- What the exercise asks: For this exercise, repeat the whole listing below exactly. Leave the pictures out.

- Provided material:
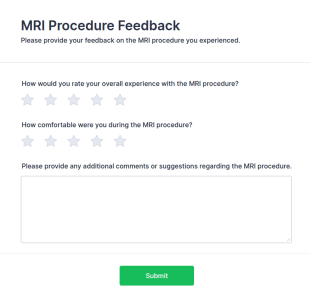 MRI Procedure Feedback Form Template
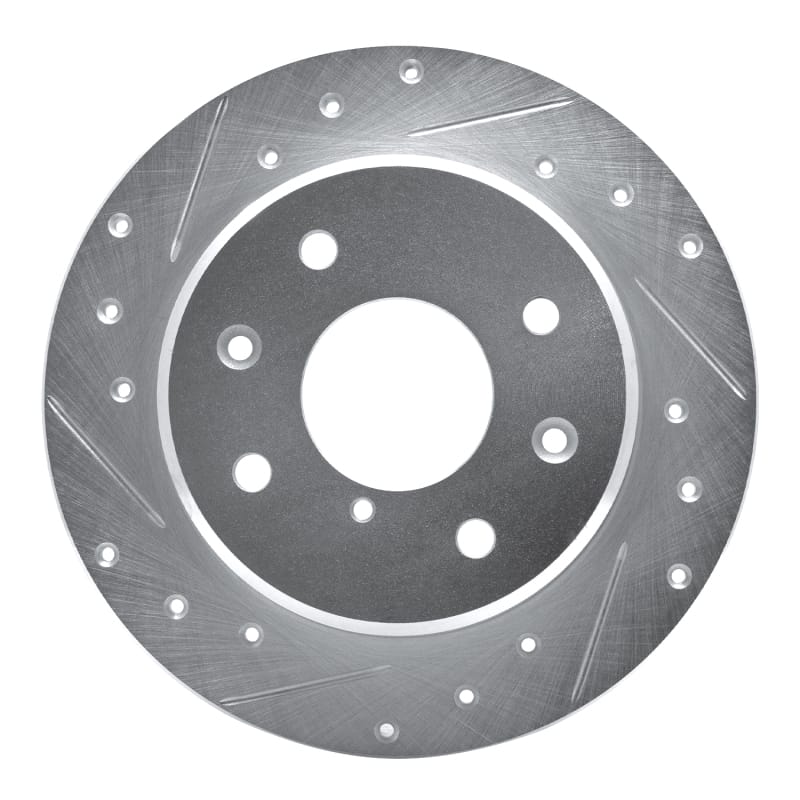 R1 Concepts — R1 86-88 Mazda RX-7 Rear Left Drilled & Slotted Silver Brake Rotor
R1 Brake Rotor Drill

- Response area:
 MRI Procedure Feedback Form Template
 R1 Concepts — R1 86-88 Mazda RX-7 Rear Left Drilled & Slotted Silver Brake Rotor
R1 Brake Rotor Drill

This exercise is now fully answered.